MODULE 3 OF 15

Scheduling Mastery

Master cron expressions, execution dates, incremental processing, and backfilling!

What is Scheduling?

Scheduling means running your DAGs automatically at fixed intervals, without you having to click "Trigger DAG" every time. Instead of manual runs, Airflow's scheduler decides when each DAG should run based on the schedule you define.

Explain Like I'm 5

Imagine you have a pet hamster that needs feeding every morning at 8am. You could wake up every day and feed it yourself — or you could set an alarm clock. The alarm schedules the feeding for you automatically!

Airflow scheduling is like that alarm clock — you tell it "run this pipeline every day at midnight" or "every hour" and it wakes up and runs your DAG at the right time, every time.

Real-World Example

A company tracks user events (clicks, sign-ups, purchases) in a database. Every day at 6am, they need a pipeline to process yesterday's events, aggregate them, and update their analytics dashboard. Without scheduling, someone would have to log in at 6am every single day. With Airflow scheduling, the DAG runs automatically at 6am every day — no human needed!

schedule_interval / schedule Parameter

In your DAG definition, you specify when the DAG runs using either schedule_interval (older Airflow) or schedule (Airflow 2.2+). They do the same thing!

Naming Change

schedule_interval was deprecated in favor of schedule. Use schedule in new DAGs. Both work, but schedule is the modern choice.

You can use three types of schedules:

  • Presets — Simple words like @daily, @weekly
  • Cron expressions — Flexible like 0 9 * * MON (every Monday at 9am)
  • timedelta — Python intervals like timedelta(hours=3)

Airflow Presets

Airflow provides convenient preset strings for common schedules. No need to learn cron syntax for these!
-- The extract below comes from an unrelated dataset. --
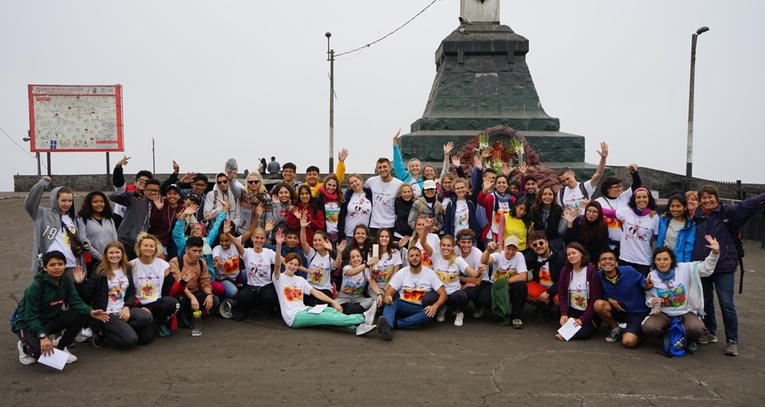 Polscy wolontariusze wraz z peruwiańskimi podopiecznymi.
PresetMeaningEquivalent Cron
@onceRun once (no automatic repeats)N/A
@hourlyEvery hour at minute 00 * * * *
@dailyEvery day at midnight (00:00)0 0 * * *
@weeklyEvery Sunday at midnight0 0 * * 0
@monthlyFirst day of every month at midnight0 0 1 * *
@yearlyJanuary 1st at midnight0 0 1 1 *

When to Use Presets

Use presets when your schedule matches exactly. Need "every Monday at 9am"? Presets won't help — you'll need a cron expression!
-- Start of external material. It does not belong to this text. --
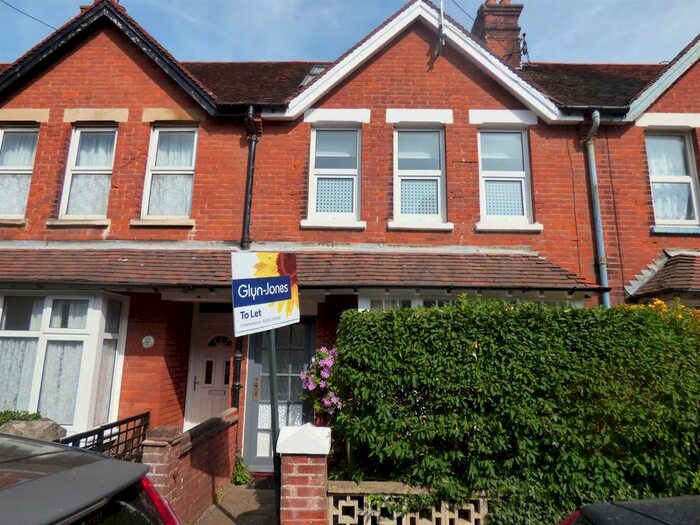 4 Bedroom Terraced House To Rent In Queen Street, Littlehampton, BN17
Cron Expressions — Deep Dive

A cron expression has 5 fields separated by spaces. Each field controls one part of the schedule:

Cron Format: 5 Fields

minute   hour   day-of-month   month   day-of-week

0        9       *           *      MON

(every Monday at 9:00 AM)

FieldValid ValuesExample
minute0–590 = at :00, 30 = at :30
hour0–239 = 9am, 0 = midnight
day-of-month1–311 = 1st, 15 = 15th
month1–12 or JAN–DEC1 = Jan, 12 = Dec
day-of-week0–7 (0 and 7 = Sunday) or MON–SUNMON = Monday, 5 = Friday

Special Characters

  • * (wildcard) — Every value. * in minute = every minute
  • 1-5 (range) — From 1 to 5 inclusive
  • */15 (step) — Every 15 units. */15 in minute = every 15 minutes
  • 1,15,30 (list) — Only 1, 15, and 30

Cron Examples

ExpressionMeaning
0 * * * *Every hour (at minute 0)
0 0 * * *Every day at midnight
0 9 * * MONEvery Monday at 9am
*/15 * * * *Every 15 minutes
0 0 1 * *First day of every month at midnight

Execution Dates Explained (The Tricky Part!)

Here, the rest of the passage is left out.